The children all walked to school, some coming from Upper Heyford and others from the Railway cottages, or from Stowe Hill. They mostly travelled in small groups, unaccompanied by adults. Nobody worried about safety. The school didn’t provide lunches then so they made four journeys each day, often dawdling along the Way. There were several brooks in those days, running either side of the Green and also alongside a number of the hedges. Here it was tempting to dally along the way, making boats out of whatever materials they could find in the hedgerows.

Families walked together on Sundays, often for miles up to Glassthorpe or Stowe. They sometimes ended up at one of the pubs where father would have a beer and the children a ‘spruce’ – a bottle of pop with a glass ball in it.

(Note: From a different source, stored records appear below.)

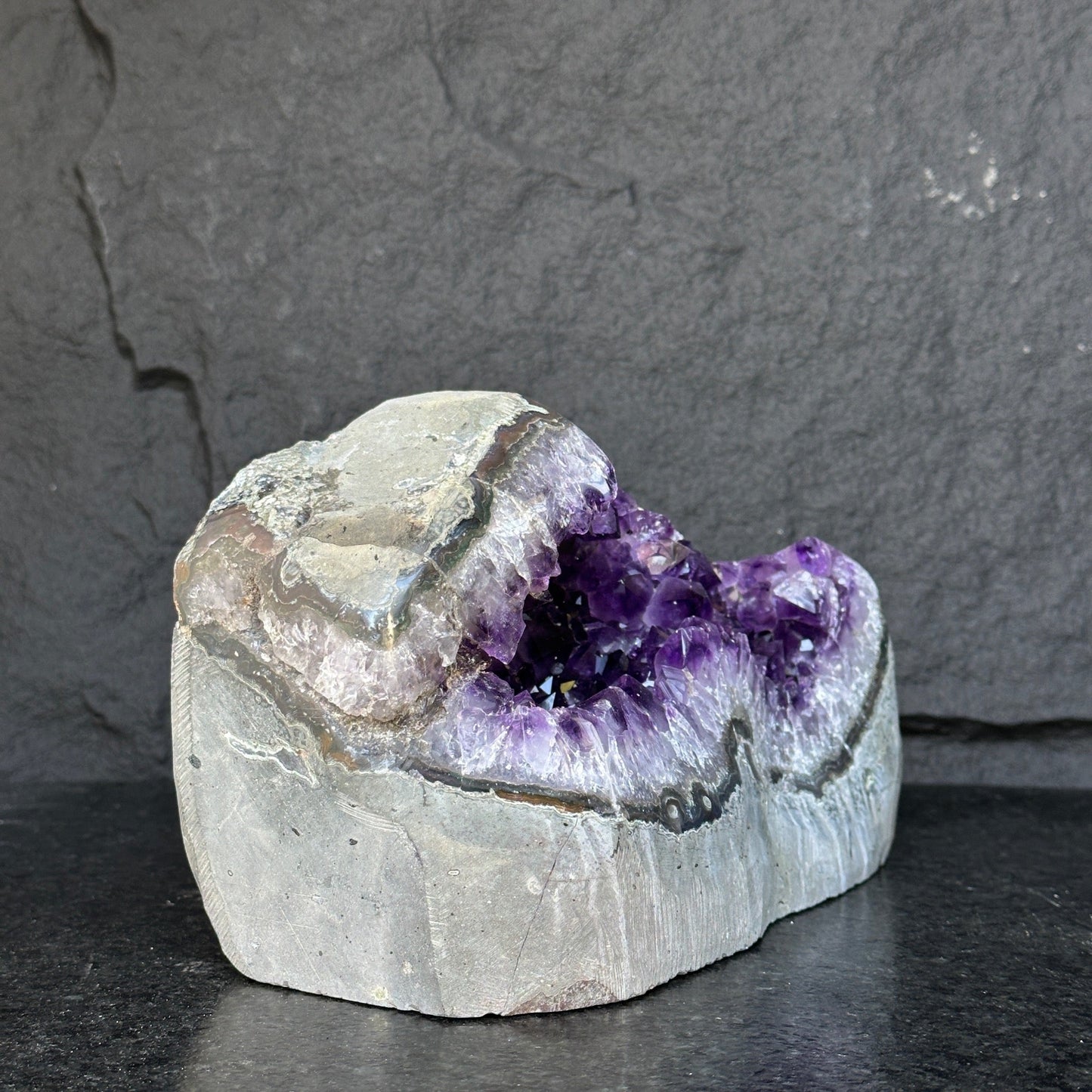 Superb Crystal Geode, Large Cave, Amethyst Crystal for collectors, 5 in Tall Full polished stone, Stunning decor AAA Crystal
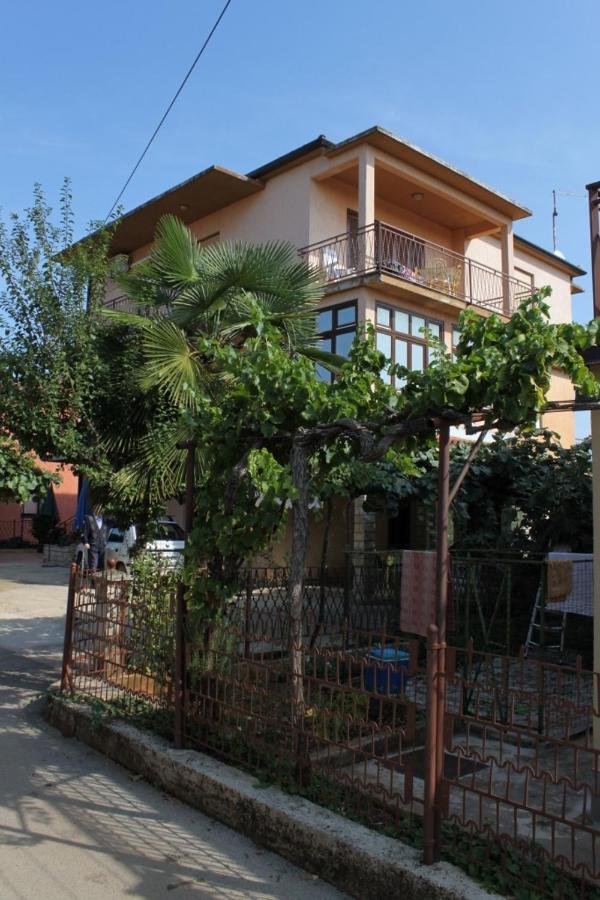 Apartments With A Parking Space Umag - 7110 Bagian luar foto
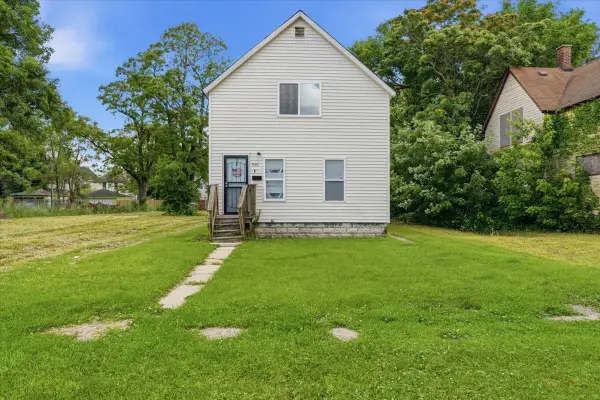 15319 Lexington Avenue, Harvey, IL 60426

Cars were a rare sight in the village between the wars so groups of young people would walk up to the ‘Turnpike’ (the A5) and sit on the bank by the Stowe turn, Waiting to wave at the drivers as they passed at a rate of only one or two an hour.

The Railway children
Mrs Doris Lovell, now in her eighties, lived in the railway cottages because her father, Frank Denny was a signalman. Although there was never a station in Heyford, she recalls how the railway had a strong presence in the village. There were sidings in the brick yard, there was an active signal box, and there were four railway cottages occupied by signalmen, platelayers and their families.

In the days of steam, each locomotive had its own unique personality and they chuffed past at a more friendly speed than today’s diesels. The driver and fireman, whose faces were often familiar to the villagers, would wave as they passed by, and sometimes they would throw lumps of coal for the children to take home.

The children played in the fields alongside the railway, although there was a strict understanding that playing near the tracks was forbidden. Favourite play areas included the stream near the brickyard just the other side of the small foot tunnel under the embankment. Here you could make stepping stones, build dens, and fish for tiddlers.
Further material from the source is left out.